_Exercise goal_: Below are lines of records; copy exactly those from the one containing "Doudoune Superdry en" through the one containing "كنب ريش نعامة", leaving the pictures behind.
━━━━━ Input records ━━━━━
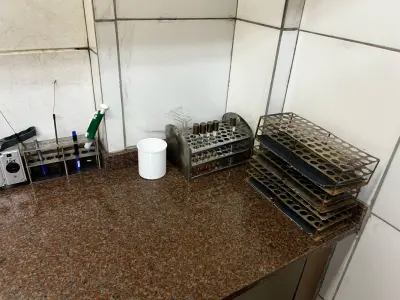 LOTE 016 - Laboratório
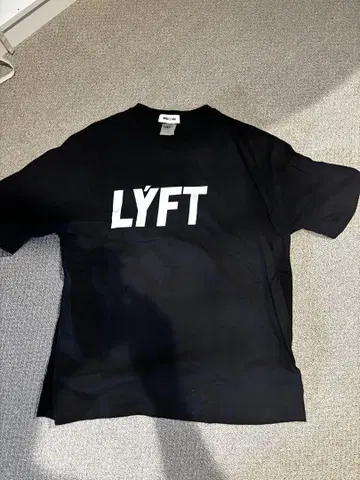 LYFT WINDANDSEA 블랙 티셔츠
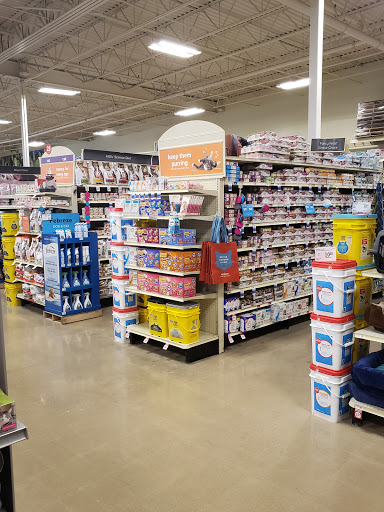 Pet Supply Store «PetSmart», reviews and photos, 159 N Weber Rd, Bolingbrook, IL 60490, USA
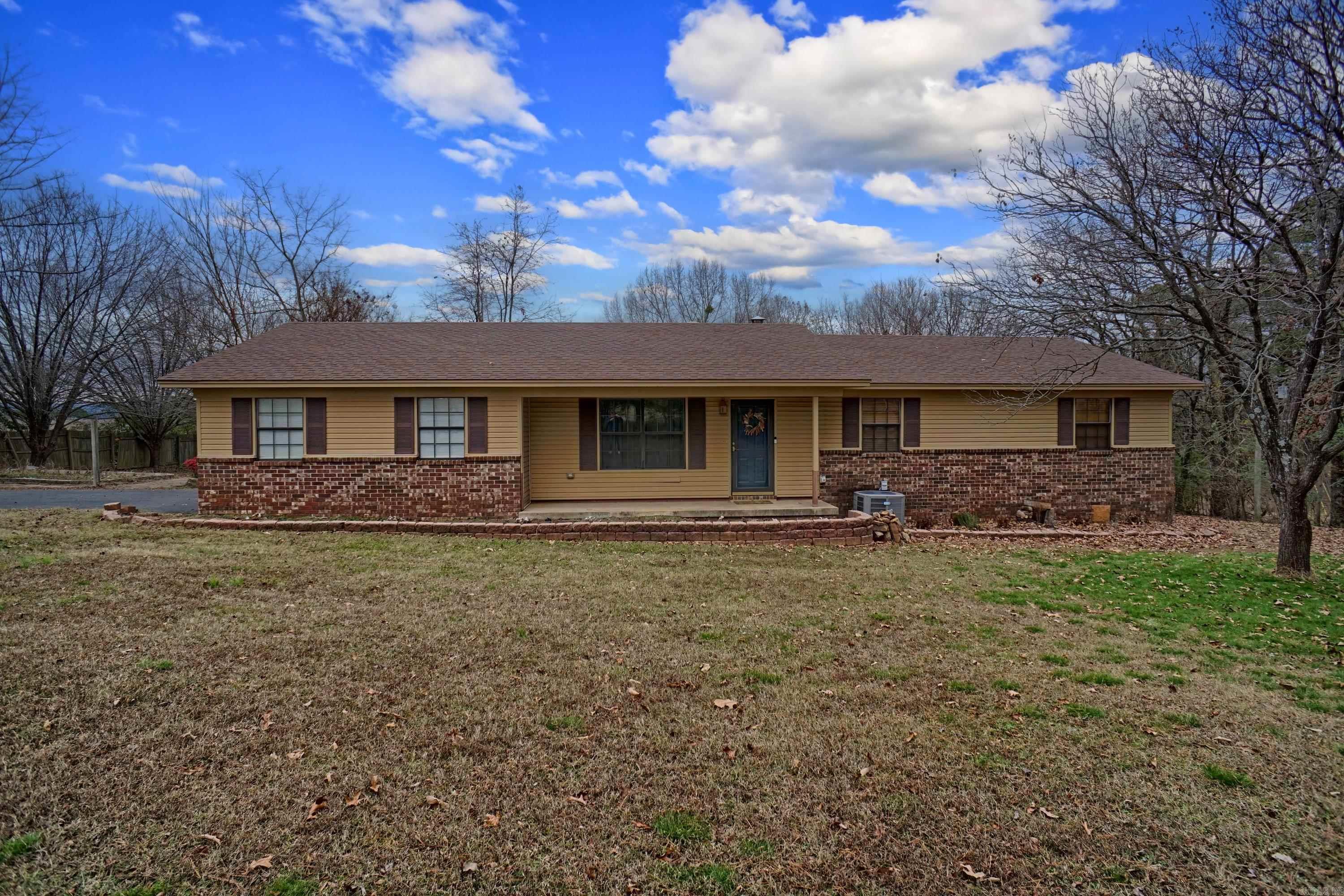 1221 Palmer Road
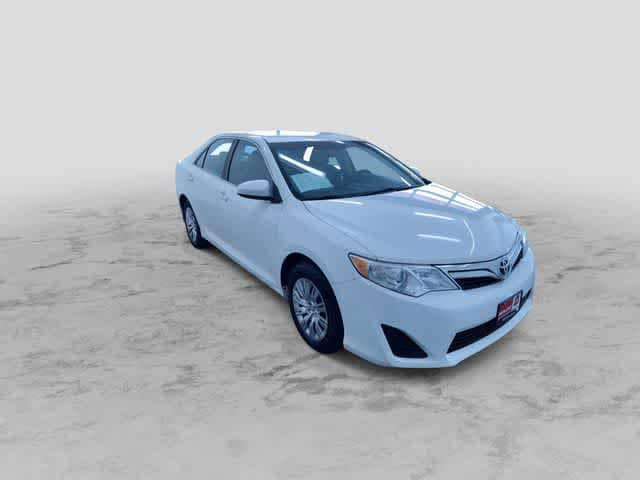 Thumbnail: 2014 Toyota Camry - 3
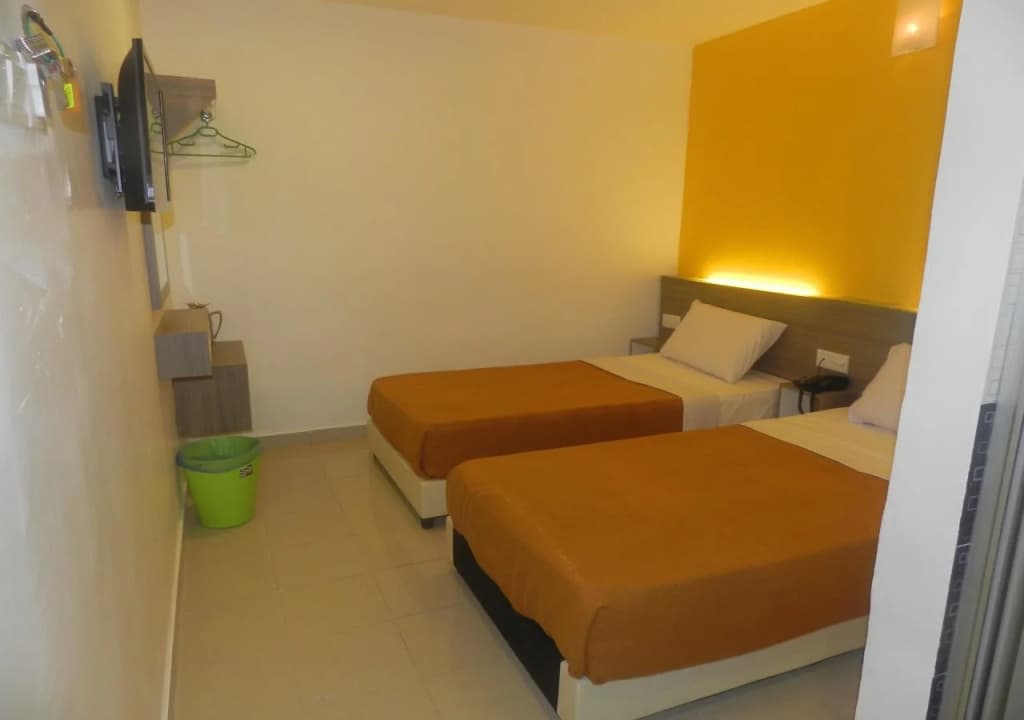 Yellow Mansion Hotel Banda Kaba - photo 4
━━━━━
━━━━━ Input records ━━━━━
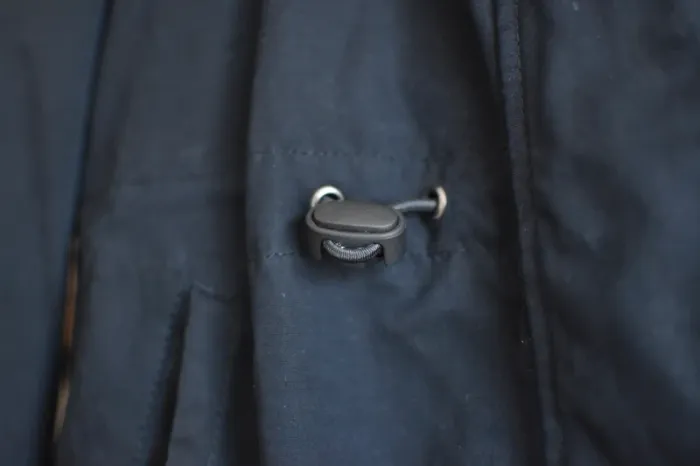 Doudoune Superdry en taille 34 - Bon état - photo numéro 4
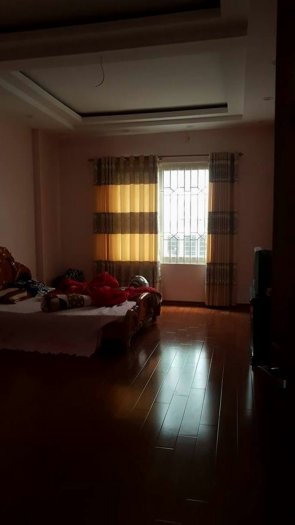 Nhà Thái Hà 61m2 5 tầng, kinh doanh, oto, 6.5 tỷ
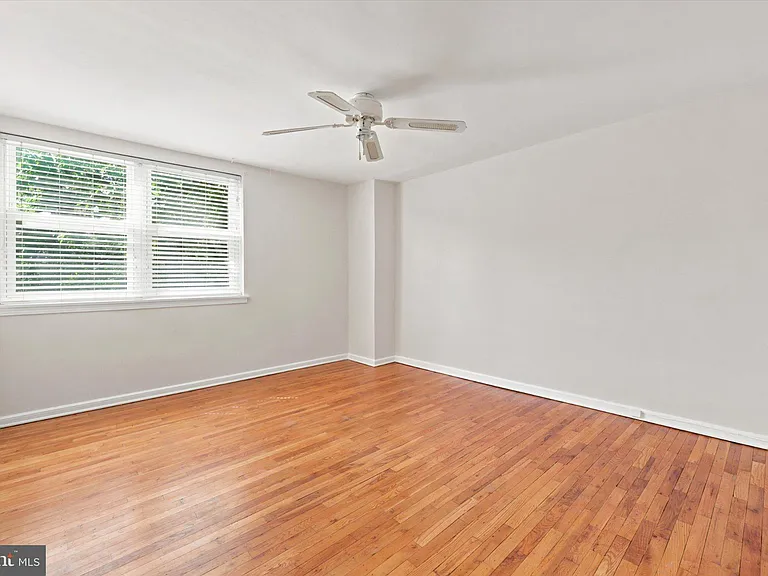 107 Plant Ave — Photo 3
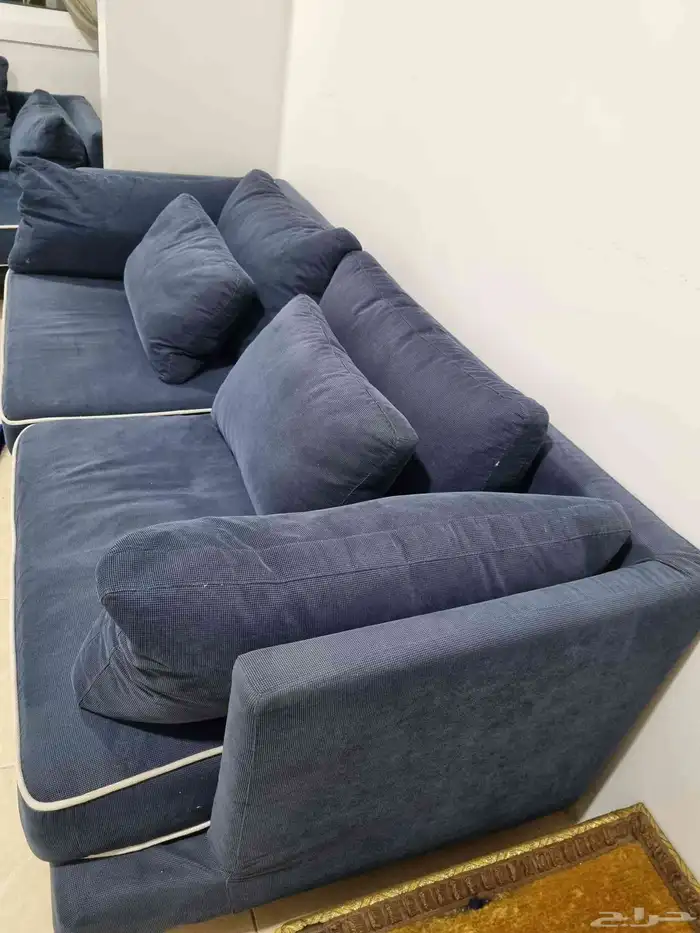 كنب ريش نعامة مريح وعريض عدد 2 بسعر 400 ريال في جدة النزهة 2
━━━━━
━━━━━ Input records ━━━━━
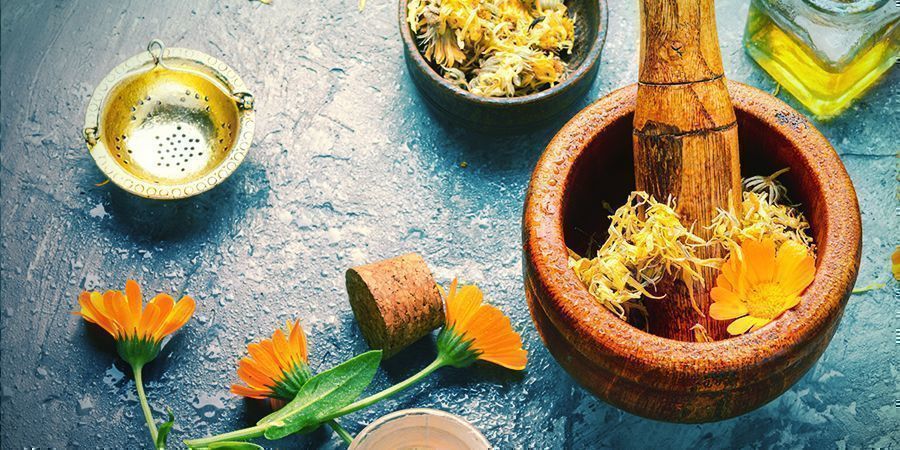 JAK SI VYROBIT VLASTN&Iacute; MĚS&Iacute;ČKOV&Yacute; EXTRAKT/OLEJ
━━━━━
_Solution to the problem_:
 Doudoune Superdry en taille 34 - Bon état - photo numéro 4
 Nhà Thái Hà 61m2 5 tầng, kinh doanh, oto, 6.5 tỷ
 107 Plant Ave — Photo 3
 كنب ريش نعامة مريح وعريض عدد 2 بسعر 400 ريال في جدة النزهة 2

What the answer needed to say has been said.